When transferring full ownership of your LLC, draft and execute a buy-sell agreement with the individual or entity seeking to purchase the business. This document details the terms of the sale by naming the assets being sold, the timescale for the sale, and other important information. Selling your entire LLC is a complicated process, so consult an attorney if you plan on heading down this path.
There are other situations where transferring ownership interests in your LLC might be necessary, including any circumstances outlined in your OA triggering a sale.
Depending on their estate plan, a member’s ownership interest in the LLC will pass to their spouse or children after they die. However, whoever receives the ownership interest will be considered an assignee, meaning they can collect profits and other benefits from the LLC. However, the assignee doesn’t have the right to participate in running the company like a member does. It’s typically recommended that the LLC buy out the assignee’s interest through the process outlined in the Operating Agreement for partial transfers.
If you have several members seeking to leave or join the LLC at the same time, doing multiple partial transfers of ownership interests can be tedious and stressful. In these situations, dissolving the LLC entirely and reforming another LLC provides a simpler option. By reforming a new LLC, you can easily add new members while the former members wanting to leave can do so.

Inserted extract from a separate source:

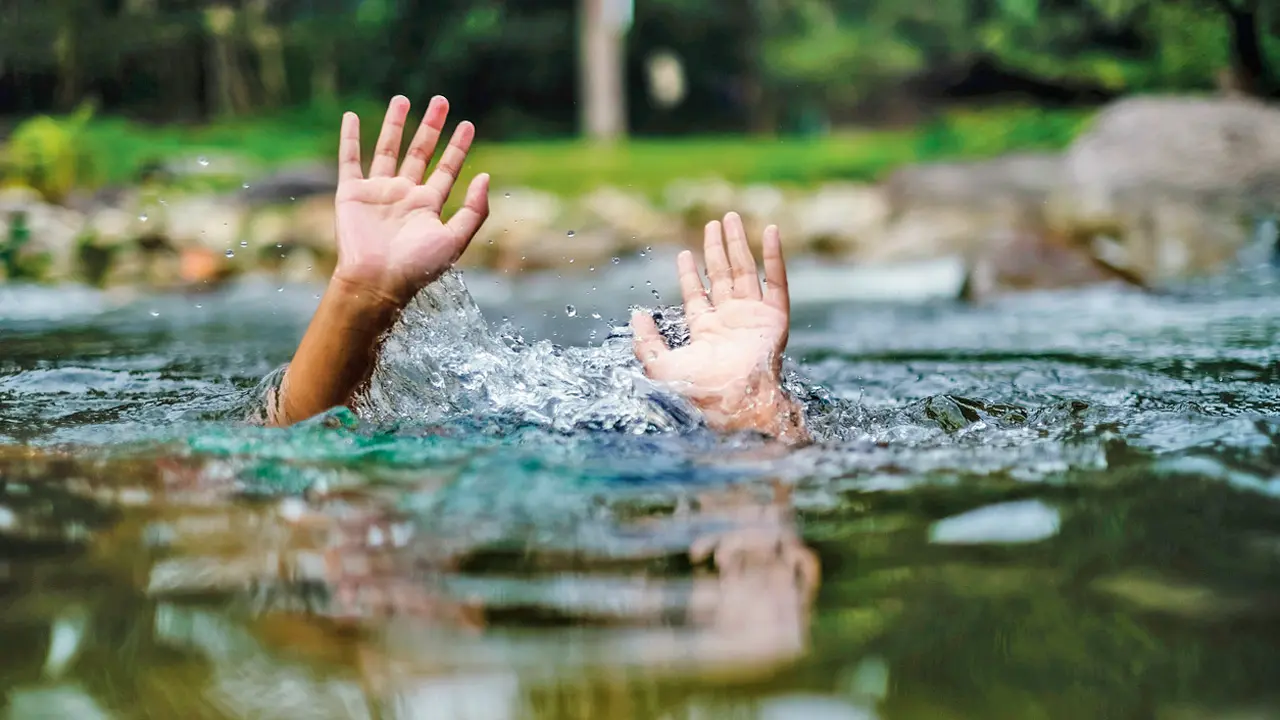 Karnataka tragedy: Eight family members drown in Uttara Kannada river Representation Pic/istock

Delaware does not require LLC members to be named in the Certificate of Formation when creating the business. Thus, there is no requirement to file an amendment advising the state of Delaware of membership changes. Following the transfer of all or part of your LLC, the new Operating Agreement needs to be amended to reflect the name(s) of the new member(s). LLCs aren’t required to file their OA with the state of Delaware. If you end up selling the LLC entirely, you’ll also need to fill out the right IRS forms to confirm the transfer of ownership.
A partial or full transfer of your LLC can be frustrating, especially when you’re forced to rely on default state laws. A well-drafted, detailed Operating Agreement is the best way to simplify the process and document the procedure at the outset of your business. Whether you’re just starting your business or are seeking to update your internal procedures, ZenBusiness’s Operating Agreement template is the best place to begin. If you run into issues completing a full or partial transfer of your LLC, consult a Delaware attorney familiar with business contracts for professional advice.
Disclaimer – The content on this page is for informational purposes only, and does not constitute legal, tax, or accounting advice. If you have specific questions about any of these topics, seek the counsel of a licensed professional.
The terms of an LLC’s Operating Agreement can outline the process for members seeking to sell their membership interests. Consult your Operating Agreement for the procedures surrounding the sale of a membership interest.
Subject to the terms of its Operating Agreement, LLCs can issue new membership interests with the consent of all members of the LLC.
The IRS doesn’t recognize LLCs as a form of business entity, and requires LLCs to be classified as either corporations, partnerships, or sole proprietorships. If you transfer your entire LLC, file a Form 8822-B, Change of Address or Responsible Party – Business, with the IRS within 60 days of the sale.
Having an ownership interest in an LLC is what makes someone an LLC member. Members have management and decision-making authority over the business. Assignees can have only a financial interest in the company without having “ownership” interests that allow them to manage the operations. However, LLC members can hire officers to manage the day-to-day affairs of the LLC who do not possess an ownership interest in the company.